In order to ensure all data is protected, it is important for enterprises to drive the convergence of IT business processes and business security, as well as their associated expenditures. However, this convergence should not come at the expense of end-user productivity and hard drive robustness, or limit the functionality of imaging software or disk utilities. Equally, any technology deployed without taking into consideration corporate governance and unique security requirements is doomed to fail because it will not account for the non-technical processes related to securing data at rest.

For example in addressing the specific requirements of the National Security Agency, WinMagic had to provide dual pre-boot authentication via crypto tokens and PKI integration as a pre-requisite of doing business. While other vendors failed in meeting this requirement, WinMagic delivered a solution in record time that addressed all issues relating to compliance with encryption open standards, compliance with security and privacy legislation, and adhesion to the human element wrapped in corporate governance.
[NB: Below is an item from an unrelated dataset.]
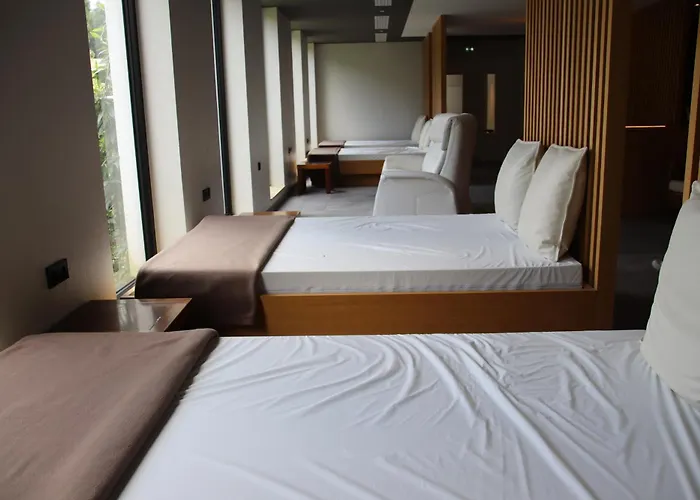 6717 Nature & Le Clos Des Delices Ottrott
In conclusion, when purchasing technology, organizations must seek encryption solutions that allow for multi-factor authentication, effective key file management, and policy controls for disk and removable media encryption in order to easily comply with privacy and security regulations. And now, thanks to WinMagic’s innovative functionality, it is easy for organizations to protect all data at all times with full-disk encryption while still complying with national and international privacy and security regulations.